I remember this guy from Kazakhstan I met in NTU, who said that his country had to get its history from the records in China because theirs were mostly destroyed during the USSR period. I hope China doesn't go through a similar period or get another Emperor Qin, or much of the world will probably lose their history.

Hmm, wait a minute. There really wasn't anything about our history until Raffles came along. By then the British would have recorded everything. That tale about the prince who saw the lion and named the island Lion City (Singapura) sounds suspiciously like a folktale, since no one has ever seen lions in the wild here. Boars and tigers have been spotted before, but even the tigers have disappeared now. Just not a single lion ever.

Was thinking about this while reading about the Egytian pet mummies in this month's National Geographic. Apparently those who could afford it mummified their dead pets.

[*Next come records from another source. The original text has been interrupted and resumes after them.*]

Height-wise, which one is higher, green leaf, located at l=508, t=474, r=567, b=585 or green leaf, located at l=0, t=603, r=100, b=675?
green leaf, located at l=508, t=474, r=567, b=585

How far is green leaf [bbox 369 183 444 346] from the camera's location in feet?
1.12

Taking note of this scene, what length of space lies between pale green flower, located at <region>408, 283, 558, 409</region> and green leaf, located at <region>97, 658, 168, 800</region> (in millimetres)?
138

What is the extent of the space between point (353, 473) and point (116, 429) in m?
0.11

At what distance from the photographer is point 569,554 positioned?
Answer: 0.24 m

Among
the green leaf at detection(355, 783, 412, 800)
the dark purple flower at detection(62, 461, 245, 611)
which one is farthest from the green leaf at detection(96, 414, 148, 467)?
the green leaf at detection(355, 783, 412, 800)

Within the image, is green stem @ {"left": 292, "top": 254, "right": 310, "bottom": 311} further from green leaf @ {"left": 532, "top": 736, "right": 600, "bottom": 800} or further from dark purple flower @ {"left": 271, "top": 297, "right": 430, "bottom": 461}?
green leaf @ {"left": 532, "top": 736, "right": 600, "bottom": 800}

The Kazakhs are lucky compared to the Egyptians. The latter only has the Roman archives to refer to, but it isn't complete since their earlier history wasn't there.

The Egyptians lost so much of their history that they couldn't even exactly revive their ancient language, the Egyptian hieroglyphs. Even the Jews were luckier in that they still kept the written form of Hebrew alive (eg via private letters between each other) when the verbal form was lost. The death of the original written language of the Egyptians was so complete the hieroglyphs has become a code that has to be deciphered.

Languages die all the time, but a language crucial to finding out about a long history and rich culture of an ancient civilization is a different story altogether.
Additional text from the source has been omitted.